Being with a man can’t make me feel better anymore. Nothing can make me feel better except for me getting my head right. No movie or TV show or series of amazing books can make me better. No amount of alone time can do it either.

I am going to get through this (alone) just like I’ve gotten through every other thing. Why does this scare me so much, now? And why won’t these fucking zits go away?

Post Script: I almost didn’t post this entry. I felt too…fragile maybe? Vulnerable, definitely. My family reads this blog, some of my young family members. Maybe I’d like to avoid busting up the images in their heads of mostly wholesome Crazy Aunt Beth. People I work with read this blog and that’s even scarier. My entire career, hell the entire advertising agency industry, is based on your ability to project things like uber confidence, control and intelligence. It worried me to think what people would think, reading these things about me. I have to say, I’ve become a freaking expert over the years at mastering the art of the persona. It took effort and it was a full-time job. In some ways, it still is.

So, I decided to not “publicize” this post via social media where those people are likely to see it, click and read it immediately (places where I can’t easily control privacy settings). The reality is I write this blog for me. Part of me writes it in the hopes that I could help another newly diagnosed patient deal with this mess in a better, more informed way. Part of me writes it because I have always wanted to be a “real” writer. No, not even that actual bachelor’s degree I have in actual WRITING makes me feel like I have achieved enough with my writing to call myself a writer.

But mostly, I write this blog for me. I have zero idea why it helps me. I write in a journal every single day of my life and it has always been incredibly helpful to me. I still do it habitually. And it still helps. But knowing that actual people are reading my actual words, on this blog for some strange reason, helps me more. Could it be because I am a terrible narcissist? That might be part of it. It wouldn’t be the first time I’ve been accused of being such.

Another dimension of the phenomena made itself known to me recently, though, in a Facebook message from a friend who I really care about but don’t often see. It touched me so deeply – that someone I never see would not only think of me, but think of me as worthy of giving a very personal and special gift…it hit me like a ton of bricks. In my message reply to him I wrote, “You have no idea how much this means to me… Sometimes I feel like I’m disappearing.”

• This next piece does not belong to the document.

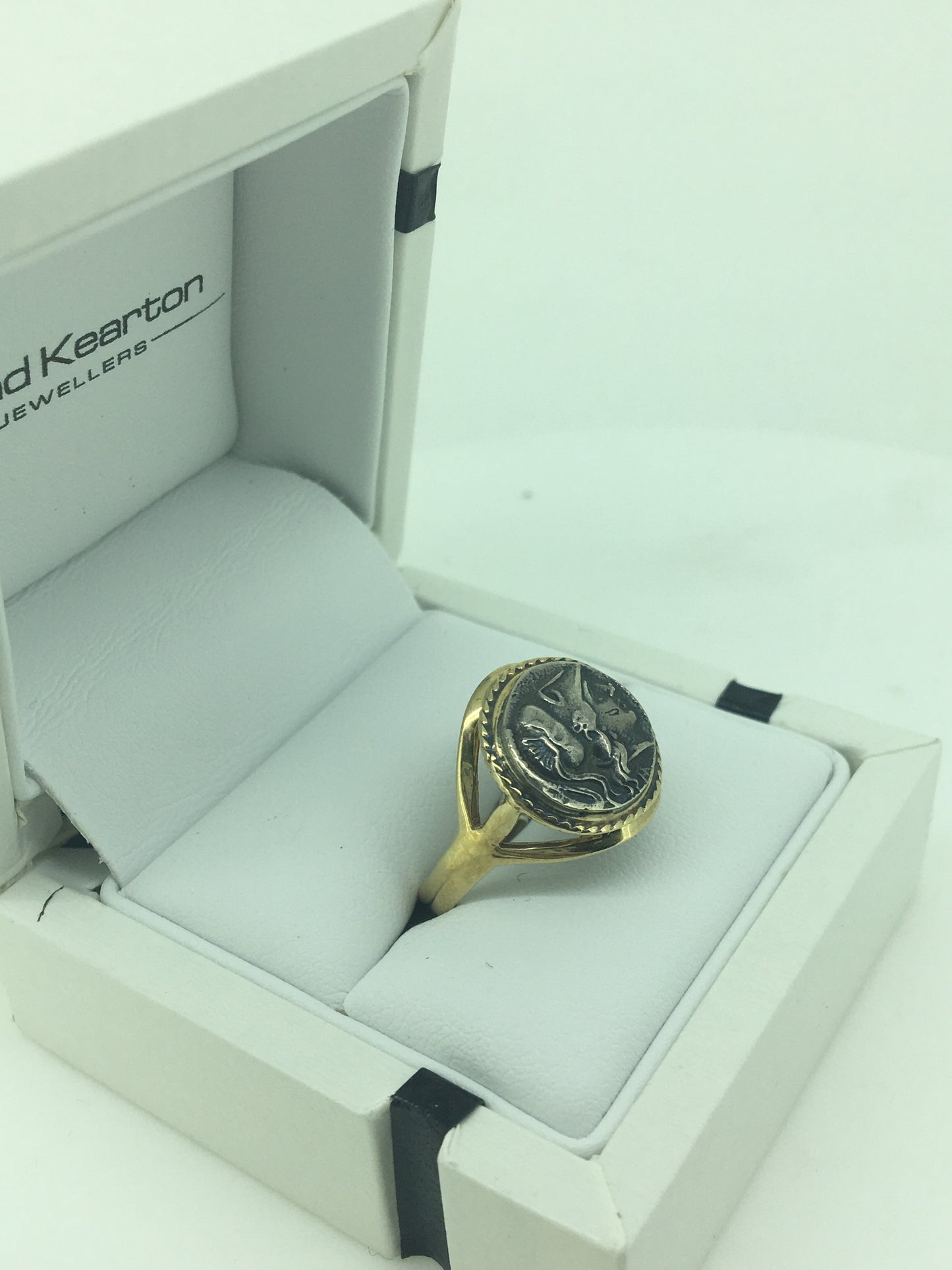 9ct Yellow Gold Oxidised Roman Coin Ring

Or something like that. It hit me hard. I do feel like I’m disappearing. I feel like my edges are getting blurry and the things I believed to be right, true and reliable are just not. Call it growing up, call it a mid-life crisis – call it what you will.

But this blog helps me because it makes me feel visible, in some odd way. So, I am going to hit “post” on this really scary post. Luckily not many people will actually read it! I wish I knew how to get more people (not related to me) to read it. Maybe I should ask one of those digital marketing experts I’m surrounded by every day, about how to get more people to read my blog.